“It’s putting the fun back in freestyle skiing,” says Big Mountain Head Coach Eli Sobel. “Freestyle skiing is really intimidating now. You have kids that don’t want to hit these massive jumps and don’t want to do doubles. They want to ski the mountain and they want to become a well-balanced technical skier that can take air.”
Now in its second year, the Holderness Big Mountain program is a rapidly-growing discipline that lives under the school’s Freeski umbrella
. So what makes Big Mountain different from traditional Freeski disciplines like Halfpipe and Slopestyle? Instead of boosting over the 18-foot walls of a halfpipe or grinding rails on a slopestyle course, Big Mountain athletes compete on some of the East Coast’s most difficult natural terrain. This winter, athletes will travel to competitions at Jay Peak, Stowe, Magic Mountain, and Mad River Glen. At each venue, competitors ski or ride on a designated expert trail, scoring points based on how many natural features they hit. Athletes are also judged according to several additional criteria, including control, technique, fluidity, and the overall style and energy. Past competitions have taken place on Mad River Glen’s rugged and rocky Lift Line and the nearly-vertical Face Chutes at Jay Peak. For Big Mountain athletes, competition is all about creativity and split-second problem solving in difficult terrain – not racing against the clock on a manicured course.
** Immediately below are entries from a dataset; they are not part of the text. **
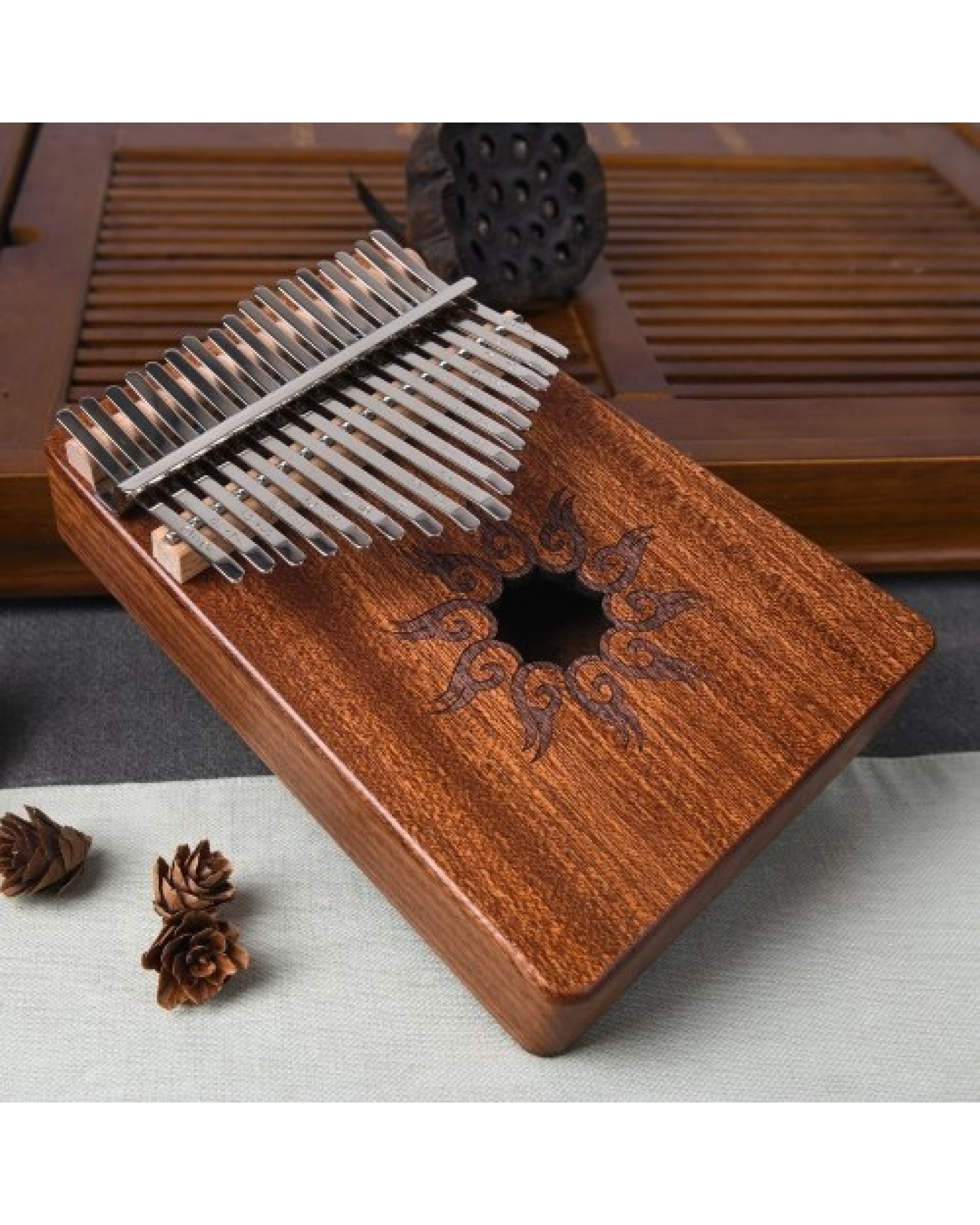 17-Tone Thumb Piano Flame Pattern Pine Wood Musical Instrument with Learning Book Tune Hammer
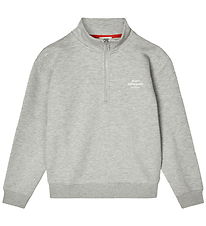 Mads Nørgaard Sweatshirt w. Zipper - Grey Melange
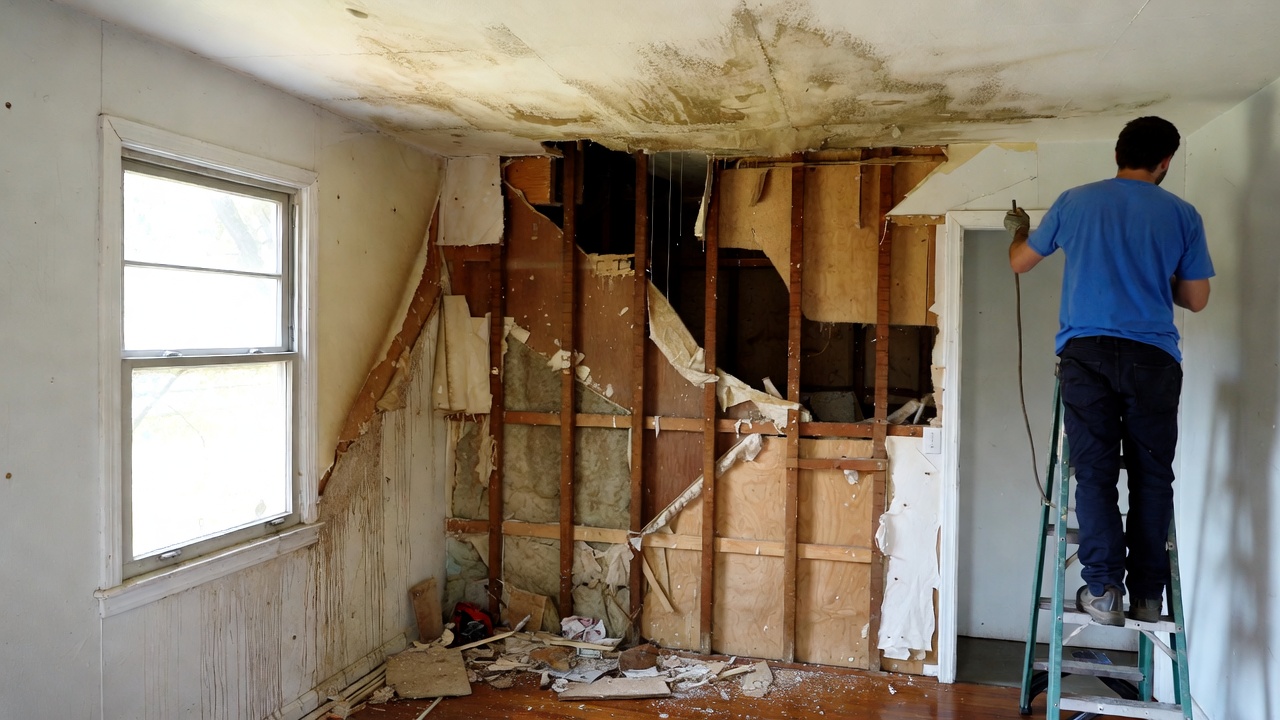 Water damage restoration crew using industrial drying equipment in flooded home USA 2026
“Skiing is a framework for learning life lessons: commitment, dedication, persistence,” Eli says. “It’s a tool, and freeride/big mountain skiing are really cool in that it incorporates some of your own decision making into the process.” Eli should know. Before coming to Holderness, he spent seven years as a coach for the Squaw Valley Big Mountain Team in Squaw Valley, California. While there, he saw firsthand how the Big Mountain program was a perfect fit for kids who loved to ski and ride - but didn’t see themselves competing at a collegiate or professional level. “They didn’t want to go on and ski in D1,” Eli says. “They wanted to just enjoy skiing and be in the mountains and train and compete and have a community that they felt was supportive of that.”
If any community can support Big Mountain skiers and riders, it’s Holderness. With the school’s close proximity to training grounds at Loon Mountain and Cannon Mountain, Holderness is a de facto Big Mountain factory. And it’s no secret that Holderness develops some of the best skiers and snowboarders on the planet. Since 1940, Holderness has sent 17 athletes to the Olympics – most recently skiers Julia Ford ’08 and Julia Marino ’11, who competed in Sochi in 2014. The school even managed to produce one of the biggest big mountain skiers of all time - World Extreme Skiing Champion and X-Games medalist Chris Davenport ’89 - without even trying. Now, it’s trying.
Throughout the winter, Big Mountain athletes will divide their on-slope time between Loon and Cannon. At Loon, they’ll use some of the best terrain parks on the East Coast to learn valuable technical skills, like air awareness, from the school’s high-caliber freestyle coaches. At Cannon, they’ll apply those skills on the kind of rugged, natural terrain they will compete on. On-snow training will be complemented by training on campus, where athletes will use the school’s trampoline – and a planned air bag - to dial in the tricks they’ll perform in competitions. It’s a recipe for Big Mountain success, and one few other prep schools have followed. Holderness is leading the way in Big Mountain skiing and riding, just as it did when it started its Freeski & Snowboard program more than a decade ago. “We jumped on the Freeski-Slopestyle piece way before our peers did,” says Director of Snowboard & Freeski Alan Smarse. “Now, looking at trends, it’s hard to ignore that the Big Mountain piece is going to be that next thing in three years.”
With its strong focus on academics and athletics, Holderness offers the perfect environment for Big Mountain athletes to pursue the sport they love - without sacrificing their education. “Right now our peers really aren’t involved in playing in this area,” Alan says. “If you want a prep school experience and you want to be supported to the highest level that you can attain, I want Holderness to be the only place to do that.”